Bigby Presents: Glory of the Giants
- Rules required: Dungeons & Dragons, 5th edition
- First published: August 15, 2023
- ISBN: 9780786968985

= Bigby Presents: Glory of the Giants =

Dungeons & Dragons fantasy role-playing game source book

Bigby Presents: Glory of the Giants is sourcebook that focuses on giants in the 5th edition of the Dungeons & Dragons fantasy role-playing game. The book adds giant themed options for players and Dungeon Masters and contains in-character marginalia by the wizard Bigby of the Greyhawk setting.

== Reception ==
Publishers Weekly listed Bigby Presents: Glory of the Giants as number six of its hardcover nonfiction list in its first week; it had sold 4,929 units.

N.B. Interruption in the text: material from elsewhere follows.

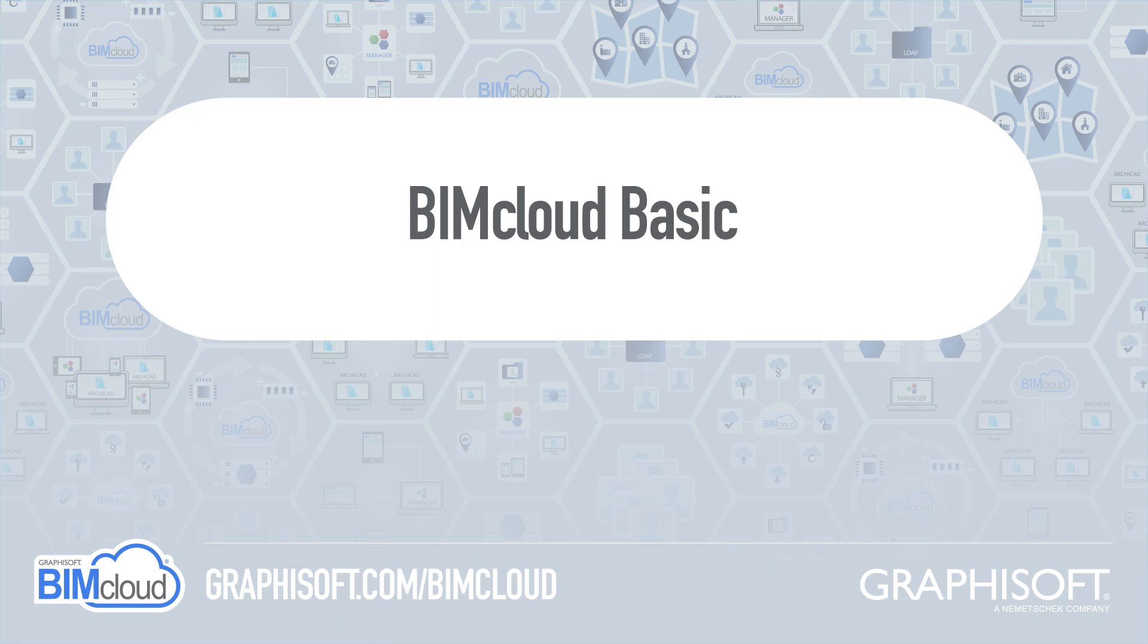This video presents the BIMcloud Basic, the free BIMcloud with limited functionality.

A review for Screen Rant praised the monsters, including high level challenges, and magic items, as well as roleplaying information related to giants. It criticized that it was not clear how character options were useful if combined with regular gaming options.

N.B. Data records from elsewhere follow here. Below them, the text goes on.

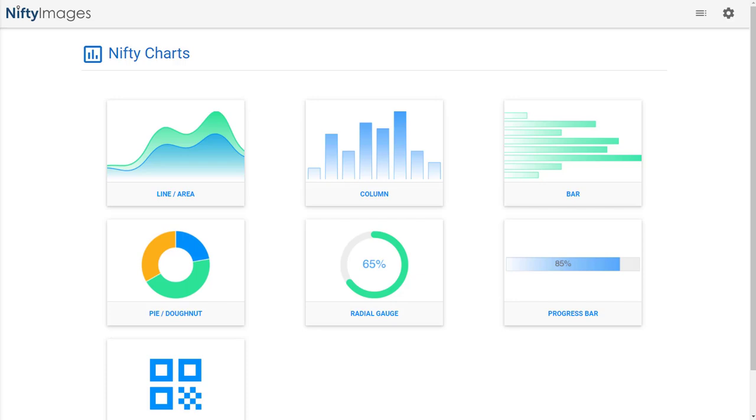Nifty Images already offers a variety of different chart options, custom designs, and today I'm going to go through some more advanced options with our new editor.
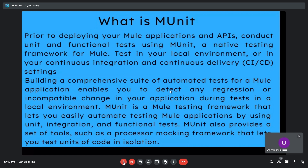mUnit is a Mule testing framework that lets you easily automate testing of Mule applications by using unit, integration, and functional tests. mUnit also provides a set of tools such as a processor mocking framework that lets you test units of code in isolation.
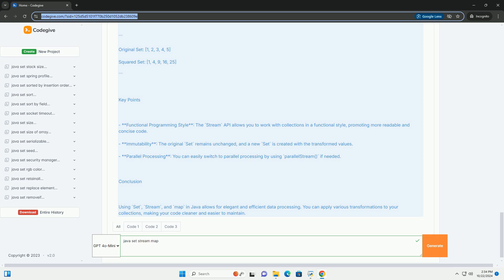3. Mapping the values, we use the map method to apply a transformation to each element. In this case, we square each number, n -> n * n. 4. Collecting the results, finally, we collect the squared values back into a set using collectors.toSet.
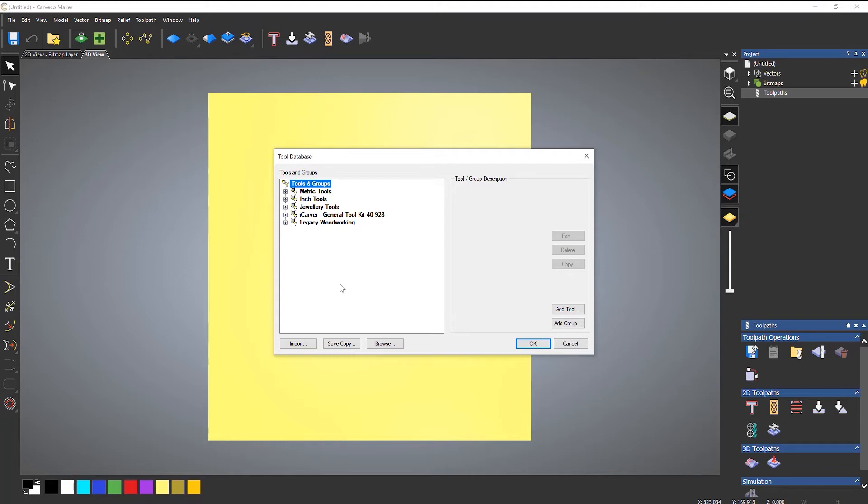I'll be completely honest with you, most of the time I just delete all of these tools that are already in here. The reason being is that they are really, really conservative. And I would rather create my own tools and my own groups of tools for maybe different materials, for instance.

A review for Wargamer noted that the sourcebook features artificial intelligence visual art and that Wizards of the Coast had apologized for this use. The review praised the variety of options for the Dungeon Master, including the number of monsters and options for high level play. However, it criticized the low amount of character options compared to Fizban's Treasury of Dragons and noted its limited appeal for low level playing.